Consumer Discretionary
Kimberly-Clark de Mexico 4Q25
In-line sales with margins above our estimates
Sales grew in line with our expectations, while EBITDA margin improved solidly amid FX tailwinds.
Revenues of P$14.06bn were 2.1% higher YoY, fairly in line with our estimates, with Consumer growing 5%, while Away from Home (amid inventory adjustments) and Exports (due to lower hard roll volumes) declined 10% and 26%, respectively.
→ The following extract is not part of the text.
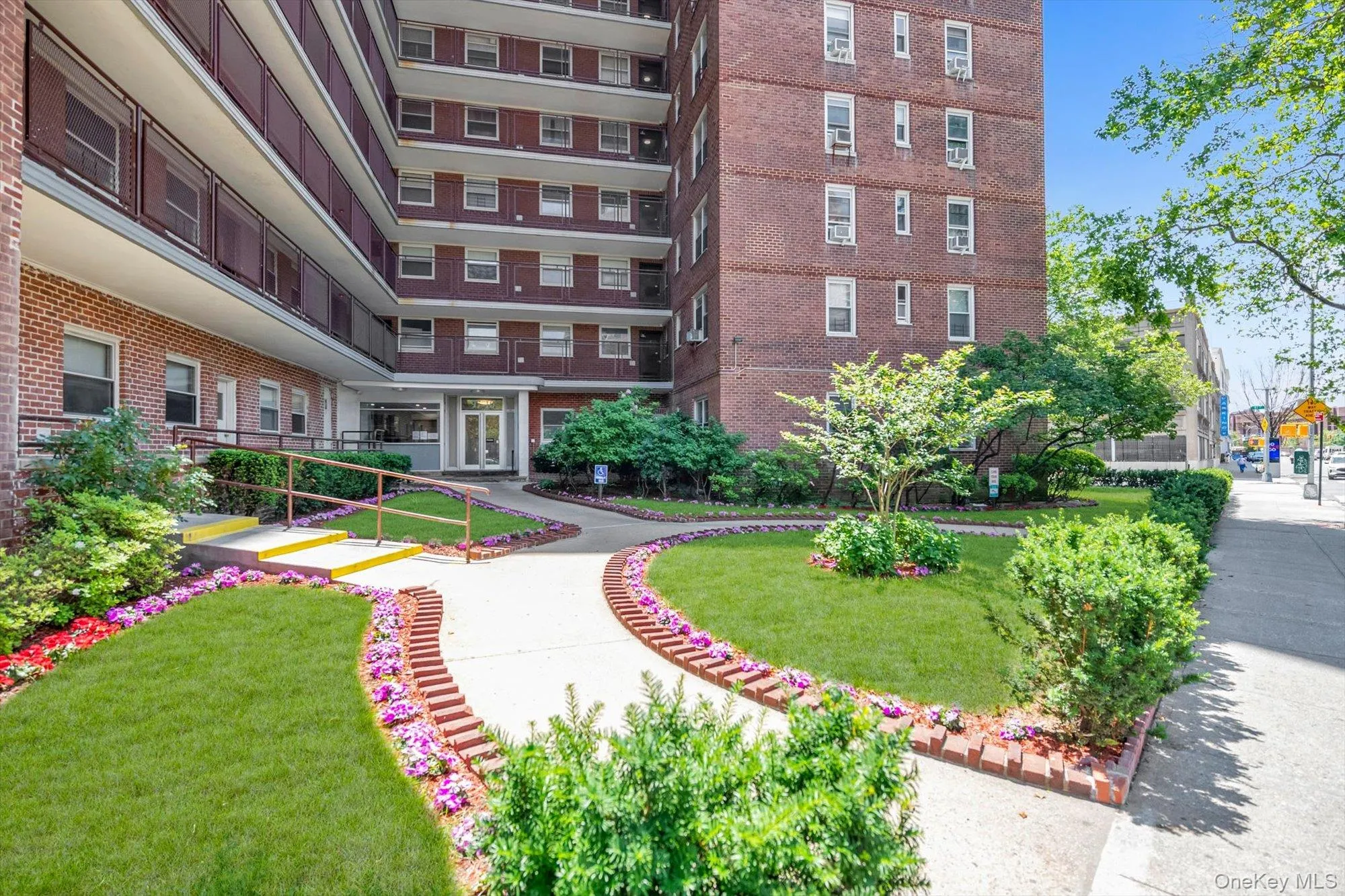 97-10 62 Drive, New York, NY, 2 Bedrooms Bedrooms, 4 Rooms Rooms,1 BathroomBathrooms,Residential,For Rent,62,0,982118 97-10 62 Drive, New York, NY, 2 Bedrooms Bedrooms, 4 Rooms Rooms,1 BathroomBathrooms,Residential,For Rent,62,0,982118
Margins were above our more cautious estimates, with EBITDA margin of 26.4% a 100bps expansion YoY. Margin expansion started at the gross profit level, with a 130bps YoY expansion, and a 40.4% margin also better sequentially and vs our estimates. Raw materials such as resins, SAM, virgin and recycled fiber costs, along with FX tailwinds (8% lower YoY) supported profitability levels. Meanwhile, the cost reduction program reached P$500mn of savings during the quarter, P$2bn for the full year. EBITDA margin of 26.4% was 100bps higher YoY, 140bps higher QoQ, and 70bps above our estimates. All in, the company reached a FY25 EBITDA margin of 25.5%, amid a better FX outlook vs. our previous forecasts. From a cash flow perspective, the company’s P$1.8bn Capex was below our estimates, while P$6.2bn in dividends paid represented a c.5% dividend yield, along with a 1.4% of shares repurchased. The company ended the year with a 1.0x net debt/EBITDA.
Overall, we continue to view positively the company’s EBITDA margin despite the relatively weak top-line performance, following previous trends. We reiterate our Market Perform rating and P$41 PT, and expect a positive stock reaction in tomorrow’s trading session.
The company will host its 4Q25 CC tomorrow, January 22nd, at 9:30 am ET. We will review our model after the call.